Differential methylation analysis is of crucial importance for epigenetics research. Differentially methylated regions (DMRs), that is, regions that exhibit different methylation levels between two experimental conditions, for example, normal and cancerous, can be as small as a single base or as large as an entire gene locus, depending on the biological question of interest and the bioinformatics methods used for their identification [22]. Differential methylation analysis from MeRIP-Seq seeks to identify the differences in RNA methylome in a case-control study (e.g., cancerous and normal), which usually involves at least four high-throughput sequencing (HTS) samples, including the IP and input samples under both the case and control conditions. For affinity-based methods developed for DNA epigenetics (such as MeDIP-Seq and ChIP-Seq), since the absolute amount of DNA is most likely to stay unchanged between two conditions, the percentage of modified DNA molecule is linearly correlated with the absolute amount; thus the difference in methylation is consistent when measured in relative (percentage) and absolute amount. However, in MeRIP-Seq, due to the change in transcriptional expression level between two conditions, it is possible that while the absolute amount of methylated RNA increases, the relative amount (percentage of methylated RNA) decreases as shown in Figure 1. From computational perspective, the differential methylation analysis of RNA is quite different from that of DNA, and DNA differential methylation approaches [23], such as MOABS [24] and DMAP [25], may not be directly applicable to RNA. Until now, methods aiming at the differential analysis of MeRIP-Seq data do not extensively appear in literature. exomePeak [19, 21] is dedicatedly developed for differential RNA methylation analysis from MeRIP-Seq data. The detection of DMRs is based on rhtest [26], which is an extended version of hypergeometric test, computing the statistical significance of the difference in the percentages of methylated fragments between the two conditions, which directly indicates the difference in enzymatic regulation. Before the detection of DMRs, peaks (methylated regions) are called firstly from the transcriptome by comparing the IP with input sample by relative enrichment [7, 19, 27]. Only with the detected methylation sites can we effectively estimate the methylation level.
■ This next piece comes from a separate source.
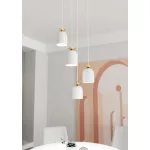 EMIBIG TARGET 4 WH PREM Fehér Beltéri Függőlámpa E27 IP20 EB-1401-4PREM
Affinity-based approaches cannot provide single-base resolution. Since multiple RNA methylation residuals may locate in proximity and cannot be effectively differentiated with peak calling procedure, they can appear as a single broad methylation site in the peak calling result from MACS [27] or exomePeak [19]. In many cases, this discrepancy can be trivial and does not significantly affect relevant study; however, it can be disastrous in differential methylation analysis, because multiple RNA methylation residuals can be regulated by different enzyme complexes and thus may be differentially methylated. Failing to identify the precise location of each methylation residual can lead to large bias in the estimation of its methylation level and in the comparison to a different condition. Currently, all existing methods for RNA differential methylation from MeRIP-Seq data are peak-based. In this paper, based on the rhtest method developed in exomePeak package [21], we proposed FET-HMM, a novel strategy for spatially enhanced differential RNA methylation analysis using hidden Markov model (HMM). When applying to the RNA methylation site detected from a peak calling algorithm, FET-HMM breaks a single site into multiple adjacent small bins and evaluates whether a specific bin is differentially methylated or not between two experimental conditions with spatial dependency incorporated by HMM. Figure 2 shows the comparison between existing and our methods.

HMM is a statistical model that integrates multiple random processes and has been widely used in DNA-templated epigenetic analysis and in RNA methylation sites detection (or peak calling) [2830], but so far it has not been applied for RNA differential methylation analysis. We applied the newly developed approach FET-HMM on both simulated and real datasets. The results on simulated data showed that FET-HMM can effectively improve the performance of rhtest in terms of the area under the curve (AUC) when detecting differential methylation sites. When applied to human MeRIP-Seq datasets, FET-HMM method returns more biological meaningful results than exomePeak method. The FET-HMM algorithm has been implemented in an open source R package for differential methylation analysis from MeRIP-Seq data and is freely available from GitHub. The method is detailed in the following section.

2. Methods

In this section, we firstly review the usage of rhtest, a modified version of Fisher’s exact test (FET), for differential RNA methylation analysis and then introduce spatially enhanced approach FET-HMM.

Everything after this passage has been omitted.